Prossy Luzige, a prevention and linkage coordinator who works in the York Region of Ontario, poses for a photograph with HIV self-test kits, photographed at the Toronto People With Aids Foundation office, in Toronto, Friday, Feb., 16, 2024.


December 02, 2025 Tags:

Canada’s leading HIV experts have issued fresh guidance urging health-care providers to make preventive HIV medication far more accessible — and to stop “gatekeeping” treatment that could curb rising infections.

A national team of physicians has released a detailed clinical guideline designed to expand the use of antiretroviral drugs that help prevent HIV before and after exposure.
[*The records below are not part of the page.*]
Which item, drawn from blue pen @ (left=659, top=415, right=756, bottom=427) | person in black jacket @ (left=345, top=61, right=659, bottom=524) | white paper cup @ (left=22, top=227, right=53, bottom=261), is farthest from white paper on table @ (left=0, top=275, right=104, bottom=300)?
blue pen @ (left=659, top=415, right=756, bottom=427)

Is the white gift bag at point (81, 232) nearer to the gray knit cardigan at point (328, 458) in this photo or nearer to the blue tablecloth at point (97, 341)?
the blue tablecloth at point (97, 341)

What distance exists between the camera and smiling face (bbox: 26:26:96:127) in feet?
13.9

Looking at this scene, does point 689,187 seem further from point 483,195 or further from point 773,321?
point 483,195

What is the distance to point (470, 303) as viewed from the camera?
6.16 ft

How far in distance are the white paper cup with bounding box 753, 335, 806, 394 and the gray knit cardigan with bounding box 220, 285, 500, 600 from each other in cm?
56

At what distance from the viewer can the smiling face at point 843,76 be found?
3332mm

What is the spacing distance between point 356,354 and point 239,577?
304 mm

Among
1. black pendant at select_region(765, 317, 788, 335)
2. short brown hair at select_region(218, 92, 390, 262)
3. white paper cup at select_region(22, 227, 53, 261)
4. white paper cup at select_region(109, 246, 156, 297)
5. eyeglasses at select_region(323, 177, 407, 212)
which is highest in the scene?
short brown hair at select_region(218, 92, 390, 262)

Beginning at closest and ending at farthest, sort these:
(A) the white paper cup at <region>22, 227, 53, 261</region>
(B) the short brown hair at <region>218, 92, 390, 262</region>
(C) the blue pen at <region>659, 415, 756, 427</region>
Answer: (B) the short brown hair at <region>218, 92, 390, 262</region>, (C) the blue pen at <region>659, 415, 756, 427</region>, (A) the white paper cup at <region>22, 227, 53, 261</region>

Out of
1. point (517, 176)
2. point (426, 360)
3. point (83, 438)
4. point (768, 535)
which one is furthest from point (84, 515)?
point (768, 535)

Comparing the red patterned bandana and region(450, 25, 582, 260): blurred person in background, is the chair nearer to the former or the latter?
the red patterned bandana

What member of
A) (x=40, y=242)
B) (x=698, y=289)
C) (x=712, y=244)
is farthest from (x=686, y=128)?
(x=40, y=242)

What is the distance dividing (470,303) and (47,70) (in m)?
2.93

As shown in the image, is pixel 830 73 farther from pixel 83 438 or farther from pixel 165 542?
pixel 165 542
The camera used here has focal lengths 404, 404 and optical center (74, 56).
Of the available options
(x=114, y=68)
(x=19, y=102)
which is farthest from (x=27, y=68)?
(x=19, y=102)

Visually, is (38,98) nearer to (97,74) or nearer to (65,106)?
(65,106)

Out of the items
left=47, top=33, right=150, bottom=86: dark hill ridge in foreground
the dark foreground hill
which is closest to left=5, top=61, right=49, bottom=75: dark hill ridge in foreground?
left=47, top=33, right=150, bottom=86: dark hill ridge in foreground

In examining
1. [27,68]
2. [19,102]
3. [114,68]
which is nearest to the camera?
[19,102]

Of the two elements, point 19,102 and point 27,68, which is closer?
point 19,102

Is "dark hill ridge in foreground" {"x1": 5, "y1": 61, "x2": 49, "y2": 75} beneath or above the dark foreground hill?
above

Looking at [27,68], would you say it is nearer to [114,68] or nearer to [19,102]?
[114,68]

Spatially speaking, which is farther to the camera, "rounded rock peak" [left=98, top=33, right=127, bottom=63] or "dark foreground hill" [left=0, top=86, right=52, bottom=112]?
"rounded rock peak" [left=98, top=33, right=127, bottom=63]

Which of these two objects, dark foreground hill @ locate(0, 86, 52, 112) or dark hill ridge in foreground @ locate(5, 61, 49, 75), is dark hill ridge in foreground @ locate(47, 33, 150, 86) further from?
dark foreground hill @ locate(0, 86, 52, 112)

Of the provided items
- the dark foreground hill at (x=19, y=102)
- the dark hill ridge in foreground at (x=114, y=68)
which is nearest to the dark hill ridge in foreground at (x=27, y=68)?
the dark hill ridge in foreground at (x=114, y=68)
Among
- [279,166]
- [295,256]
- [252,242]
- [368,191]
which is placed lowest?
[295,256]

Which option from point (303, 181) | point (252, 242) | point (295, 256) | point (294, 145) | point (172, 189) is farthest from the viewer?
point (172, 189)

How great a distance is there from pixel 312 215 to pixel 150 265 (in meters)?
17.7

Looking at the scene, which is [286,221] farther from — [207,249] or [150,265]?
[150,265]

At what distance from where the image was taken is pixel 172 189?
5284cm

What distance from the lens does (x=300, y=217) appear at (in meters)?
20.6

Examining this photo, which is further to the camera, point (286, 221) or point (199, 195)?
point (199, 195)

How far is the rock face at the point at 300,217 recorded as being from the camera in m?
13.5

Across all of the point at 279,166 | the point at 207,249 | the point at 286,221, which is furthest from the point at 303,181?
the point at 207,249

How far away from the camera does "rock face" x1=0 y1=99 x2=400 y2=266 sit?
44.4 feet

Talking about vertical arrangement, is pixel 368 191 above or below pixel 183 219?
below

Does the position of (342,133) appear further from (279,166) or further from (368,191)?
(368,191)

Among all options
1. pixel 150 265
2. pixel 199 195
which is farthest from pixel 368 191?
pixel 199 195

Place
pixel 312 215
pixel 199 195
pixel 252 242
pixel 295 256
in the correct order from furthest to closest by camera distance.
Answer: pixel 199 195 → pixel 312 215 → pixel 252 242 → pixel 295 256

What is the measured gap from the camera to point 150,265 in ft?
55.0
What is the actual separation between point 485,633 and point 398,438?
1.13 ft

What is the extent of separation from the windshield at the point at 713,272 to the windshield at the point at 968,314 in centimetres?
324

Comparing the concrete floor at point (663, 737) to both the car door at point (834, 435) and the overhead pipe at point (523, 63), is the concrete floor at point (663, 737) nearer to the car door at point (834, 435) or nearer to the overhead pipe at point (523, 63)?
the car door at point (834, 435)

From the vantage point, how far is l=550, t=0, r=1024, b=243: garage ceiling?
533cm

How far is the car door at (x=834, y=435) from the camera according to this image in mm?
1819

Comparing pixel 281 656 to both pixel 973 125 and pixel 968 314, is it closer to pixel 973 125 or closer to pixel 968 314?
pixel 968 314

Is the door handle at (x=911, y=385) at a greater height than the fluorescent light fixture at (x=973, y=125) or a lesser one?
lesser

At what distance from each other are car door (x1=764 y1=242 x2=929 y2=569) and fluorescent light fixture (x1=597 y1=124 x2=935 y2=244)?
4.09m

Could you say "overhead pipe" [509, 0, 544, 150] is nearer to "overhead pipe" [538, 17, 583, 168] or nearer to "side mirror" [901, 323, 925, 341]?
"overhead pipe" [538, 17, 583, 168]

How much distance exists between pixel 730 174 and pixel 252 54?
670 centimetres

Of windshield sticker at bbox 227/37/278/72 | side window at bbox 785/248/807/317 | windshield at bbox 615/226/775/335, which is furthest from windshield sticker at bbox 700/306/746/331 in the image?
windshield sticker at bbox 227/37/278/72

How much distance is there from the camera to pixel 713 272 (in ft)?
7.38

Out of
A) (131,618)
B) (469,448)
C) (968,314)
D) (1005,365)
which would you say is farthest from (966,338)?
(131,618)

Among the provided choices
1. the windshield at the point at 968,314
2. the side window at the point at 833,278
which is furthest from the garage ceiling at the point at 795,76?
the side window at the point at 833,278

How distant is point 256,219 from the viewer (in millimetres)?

The updated recommendations come as public health officials warn that Canada is off track to meet its 2030 goal of eliminating HIV as a public health threat.

The new guideline appears in the Canadian Medical Association Journal and reflects three years of research and review by 19 volunteer physicians.
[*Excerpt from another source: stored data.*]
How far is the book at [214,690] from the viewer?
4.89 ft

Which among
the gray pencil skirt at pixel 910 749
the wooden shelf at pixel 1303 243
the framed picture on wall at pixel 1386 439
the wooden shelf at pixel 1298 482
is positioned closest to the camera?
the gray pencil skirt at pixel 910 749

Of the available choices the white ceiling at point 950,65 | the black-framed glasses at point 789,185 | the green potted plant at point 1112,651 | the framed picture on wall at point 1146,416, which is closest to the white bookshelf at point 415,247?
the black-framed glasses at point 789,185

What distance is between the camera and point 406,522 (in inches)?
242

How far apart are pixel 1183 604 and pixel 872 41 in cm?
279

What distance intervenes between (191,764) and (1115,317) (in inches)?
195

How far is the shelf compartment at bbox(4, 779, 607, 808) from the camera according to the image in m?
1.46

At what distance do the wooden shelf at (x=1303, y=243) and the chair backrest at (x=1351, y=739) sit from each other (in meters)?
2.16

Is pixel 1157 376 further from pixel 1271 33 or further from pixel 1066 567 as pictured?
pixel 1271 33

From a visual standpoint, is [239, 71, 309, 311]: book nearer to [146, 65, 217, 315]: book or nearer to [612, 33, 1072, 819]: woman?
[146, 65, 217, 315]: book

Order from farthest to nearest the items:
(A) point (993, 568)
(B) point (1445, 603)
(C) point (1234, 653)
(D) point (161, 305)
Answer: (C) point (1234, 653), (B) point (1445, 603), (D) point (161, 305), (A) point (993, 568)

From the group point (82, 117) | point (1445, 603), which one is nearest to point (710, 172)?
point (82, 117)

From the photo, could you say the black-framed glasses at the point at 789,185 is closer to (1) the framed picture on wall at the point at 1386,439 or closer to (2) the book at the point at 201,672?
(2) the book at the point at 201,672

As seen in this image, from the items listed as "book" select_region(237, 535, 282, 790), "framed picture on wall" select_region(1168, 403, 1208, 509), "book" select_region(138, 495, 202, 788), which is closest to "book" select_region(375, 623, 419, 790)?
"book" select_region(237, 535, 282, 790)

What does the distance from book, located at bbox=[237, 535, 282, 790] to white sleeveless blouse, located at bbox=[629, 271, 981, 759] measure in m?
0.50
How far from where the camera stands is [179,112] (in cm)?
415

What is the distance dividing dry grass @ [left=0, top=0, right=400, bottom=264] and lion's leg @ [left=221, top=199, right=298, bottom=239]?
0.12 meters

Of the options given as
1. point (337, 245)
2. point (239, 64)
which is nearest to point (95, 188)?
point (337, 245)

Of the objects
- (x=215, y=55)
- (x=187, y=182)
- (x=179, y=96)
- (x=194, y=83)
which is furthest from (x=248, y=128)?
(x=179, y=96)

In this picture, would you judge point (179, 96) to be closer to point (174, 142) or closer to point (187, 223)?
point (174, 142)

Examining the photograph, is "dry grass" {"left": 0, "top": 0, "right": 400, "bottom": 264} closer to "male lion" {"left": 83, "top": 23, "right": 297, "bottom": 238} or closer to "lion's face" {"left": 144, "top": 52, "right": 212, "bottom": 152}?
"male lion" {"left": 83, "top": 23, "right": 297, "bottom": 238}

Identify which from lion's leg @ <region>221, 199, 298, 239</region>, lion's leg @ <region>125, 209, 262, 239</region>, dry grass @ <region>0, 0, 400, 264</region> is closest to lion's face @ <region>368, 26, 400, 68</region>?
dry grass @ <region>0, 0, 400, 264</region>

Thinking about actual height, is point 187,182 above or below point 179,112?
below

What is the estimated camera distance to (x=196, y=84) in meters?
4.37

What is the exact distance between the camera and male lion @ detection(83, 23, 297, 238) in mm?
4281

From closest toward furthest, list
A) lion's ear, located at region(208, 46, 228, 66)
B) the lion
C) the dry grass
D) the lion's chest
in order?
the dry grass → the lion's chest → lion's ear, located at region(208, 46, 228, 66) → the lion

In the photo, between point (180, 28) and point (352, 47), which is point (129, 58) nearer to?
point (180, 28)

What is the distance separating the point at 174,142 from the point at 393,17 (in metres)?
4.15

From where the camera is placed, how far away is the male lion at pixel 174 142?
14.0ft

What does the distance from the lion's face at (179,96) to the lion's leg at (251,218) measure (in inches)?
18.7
Rising Infections Prompt Urgent Action

Canada recorded 1,826 new HIV diagnoses in 2024. Federal officials described this as a “small decline” after several years of steady increases. However, experts say the drop is too small to signal real progress, and several provinces continue to report rates well above the national average.

Manitoba and Saskatchewan remain hotspots, with infection levels three to four times higher than the country’s overall rate.

Health Minister Marjorie Michel noted that HIV continues to disproportionately affect people facing social and health inequities. This includes women, LGBTQ+ communities, people who inject drugs, and many Indigenous communities.

Who Is Most Affected?

The guideline highlights deep structural and historical inequities shaping Canada’s HIV landscape.
Women account for more than one-third of new infections. Gay, bisexual, and other men who have sex with men make up 38 per cent. People who inject drugs comprise another 25 per cent.

In some Indigenous communities — particularly across the Prairies — infection rates have reached alarming levels. Experts say these communities face heightened stigma, reduced access to health care, and limited public health outreach.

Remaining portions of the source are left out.